Problem details >>
Without the pictures, set down everything in the listing exactly.
### Information shown ###
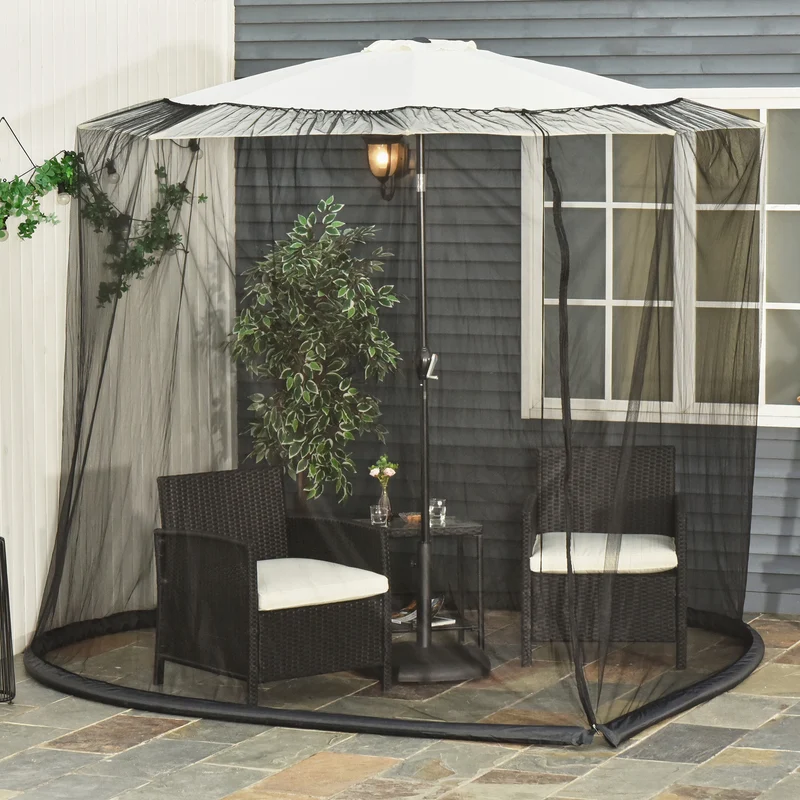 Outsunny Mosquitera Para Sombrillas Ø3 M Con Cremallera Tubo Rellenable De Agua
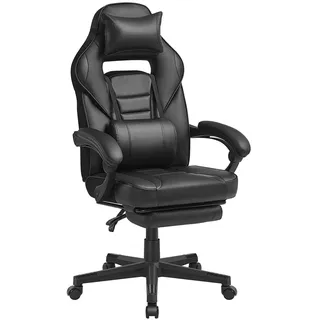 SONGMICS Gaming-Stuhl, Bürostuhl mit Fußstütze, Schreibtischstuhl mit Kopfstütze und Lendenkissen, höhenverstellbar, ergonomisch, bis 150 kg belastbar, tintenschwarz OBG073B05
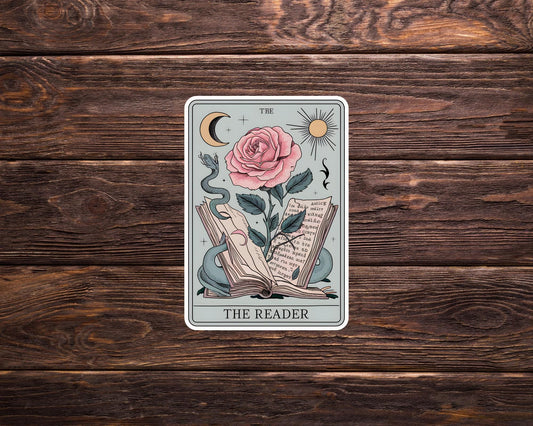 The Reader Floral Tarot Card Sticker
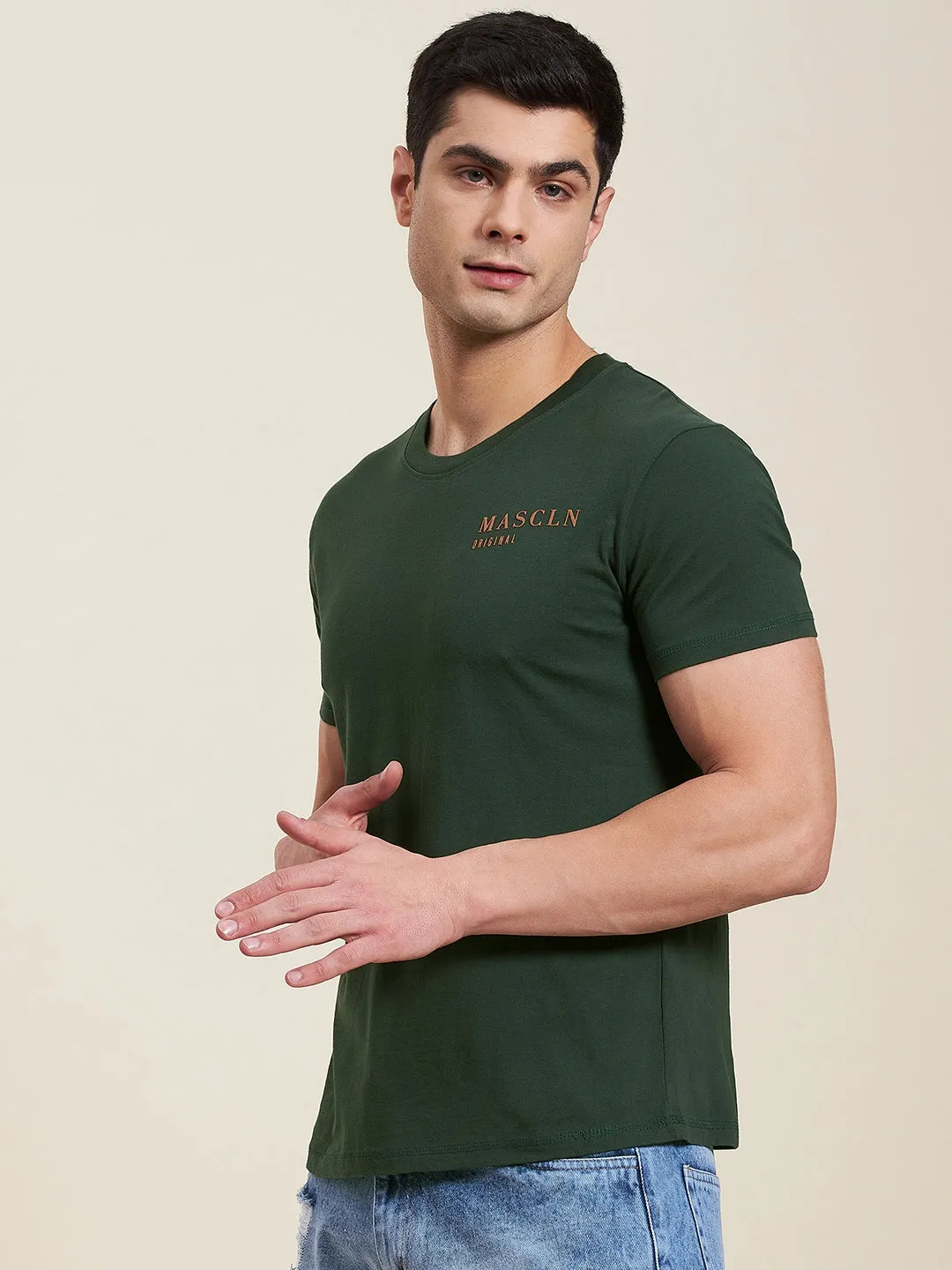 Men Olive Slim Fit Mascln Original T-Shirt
###
Written reply >>
 Outsunny Mosquitera Para Sombrillas Ø3 M Con Cremallera Tubo Rellenable De Agua
 SONGMICS Gaming-Stuhl, Bürostuhl mit Fußstütze, Schreibtischstuhl mit Kopfstütze und Lendenkissen, höhenverstellbar, ergonomisch, bis 150 kg belastbar, tintenschwarz OBG073B05
 The Reader Floral Tarot Card Sticker
 Men Olive Slim Fit Mascln Original T-Shirt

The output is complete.